Diabetes is a multidimensional challenge for global societies. Despite the availability of drugs and technology many patients don’t reach their treatment goals. According to the UK National Diabetes Audit data 2016-2017 only 30% of people with type 1 diabetes and 67% of people with type 2 diabetes achieved a HbA1c target of ⩽58 mmol/l (7.5%). When considering also blood pressure and cholesterol targets, these figures dropped to 19% and 41% respectively.
The good news is that diabetes leaves a huge room for Innovation. Risk factors are modifyable, type 2 diabetes is potentially reversible and the role of the patient’s self-management is of outstanding importance. Diabetes could serve as a paradigm for cracking down treatment inertia and narrowing the gap between the efficacy of investigational medicinal products seen in well controlled clinical trials and the lower than expected effectiveness of drugs observed in real-world chronic care (E2E gap) [1].

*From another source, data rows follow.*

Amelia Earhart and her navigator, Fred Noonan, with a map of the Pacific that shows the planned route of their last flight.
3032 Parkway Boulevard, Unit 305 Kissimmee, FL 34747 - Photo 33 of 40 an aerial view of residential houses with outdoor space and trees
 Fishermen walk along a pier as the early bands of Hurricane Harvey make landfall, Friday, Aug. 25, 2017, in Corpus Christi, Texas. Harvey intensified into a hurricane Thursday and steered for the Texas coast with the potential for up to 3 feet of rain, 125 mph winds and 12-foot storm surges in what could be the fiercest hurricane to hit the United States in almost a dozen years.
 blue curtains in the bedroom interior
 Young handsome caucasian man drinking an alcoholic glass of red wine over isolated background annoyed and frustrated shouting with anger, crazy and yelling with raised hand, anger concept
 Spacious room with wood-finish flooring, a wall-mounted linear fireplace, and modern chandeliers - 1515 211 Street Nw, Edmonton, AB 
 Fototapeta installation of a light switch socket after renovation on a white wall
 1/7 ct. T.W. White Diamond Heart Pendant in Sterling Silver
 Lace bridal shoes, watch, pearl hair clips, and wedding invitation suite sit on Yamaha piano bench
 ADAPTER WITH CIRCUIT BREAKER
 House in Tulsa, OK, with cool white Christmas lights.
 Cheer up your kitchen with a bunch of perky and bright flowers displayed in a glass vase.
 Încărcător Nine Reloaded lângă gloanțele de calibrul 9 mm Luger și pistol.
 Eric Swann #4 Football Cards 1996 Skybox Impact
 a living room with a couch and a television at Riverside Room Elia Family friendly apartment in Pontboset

Diabetes was referred to as a data management disease. Informing the patients treatment decisions by a (digital) processing of real-time and real-life metabolic and behavioral data is the procedural core component of contemporary diabetes treatment. Everyday diabetes management leads to the generation of a vast amount of data – leaving exciting opportunities for investment in personalised and intergated diabetes care.
The digital processing of real-life data also has an enormous potential to fully exploit the preventability and reversibility of type 2 diabetes. Moreover, in a collaboration between the JDRF and IBM big data bases are established following the ambition to phenotype type 1 diabetes classes, to predict the onset of type 1 diabetes and to model type 1 diabetes progression.
The sensor-based collection of real-life data for the assessment of digital biomarkers in diabetes trials have a high potential to greatly improve the external validity of clinical trial outcomes. Continuously collected digital biomarkers will help to model the impact of treatment-effect-modifiers on drug efficiency, to include endpoints relevant for coping with everyday life, and to be earlier in the detection of cardiovascular safety issues. Digital biomarkers will help to substantially economize drug development, reduce treatment inertia, and narrow the E2E gap.
Although there is a vibrant space for people-centered innovation particularly in diabetes drug development and care provision there are several innovation barriers which need to be overcome in oder to bring clinically validated solutions of high quality to the marketplace. Cross-sectional topics are best addressed in an open and collaborative innovation culture integrating actors from R&D, clinical research, education & training as well as healthcare service provision and reimbursement. Profil is core partner in the EIT Health knowledge and innovation community (KIC) - a public-private-partnership dedicated to promote healthy living, active aging, and improvements in healthcare in Europe [2]. The EIT Health KIC provides such an environment adressing the followig topis in an open and collaborative way with the involvement of all relevant Stakeholders.
Digitalization will enhance drugs, devices and service provision for people with diabetes
Digital diabetes technologies available today such as devices for a real-time continuous glucose monitoring (rtCGM) and automated insulin delivery (AID, artificial pancreas systems) can be considered as transition technologies adhering to a mainly glucocentric approach on developing new anti-diabetic drugs and facilitating the patients’ self-management of diabetes [3].
Digital tools continuously assessing cardio-respiratory functionalities have a high potential for bringing the real-world to the well controlled early phase clinical trials – thereby increasing the predictive value and external validity of these trials. This will help to decrease the risk of cost-intensive discontinuation of drug development programs and to even avoid the costly withdrawal of drugs from the market. The early assessment of digital biomarkers will also contribute to a higher cost-effectiveness of therapies by reducing treatment inertia, thereby narrowing the E2E gap.
Digital solutions are predicted to become gradually integrated as part of interconnected ecosystems combining digital health and social care. Here a comprehensive monitoring of metabolic signatures and parameters reflecting patterns of everyday behavior will produce a huge amount of real‐world data which could be processed by self-learning control algorithms. The outcome will trigger an adjustment of therapies, treatments and behavioral patterns which again will feed back to the captured parameters. Promoting digital innovation for gradually optimising diabetes management in a personalised way will realize the twin objective of improving everyday metabolic control and re‐adapting behavioral habits to prolong the patients independency and prevent the development of frailty & disability and comorbid conditions [3].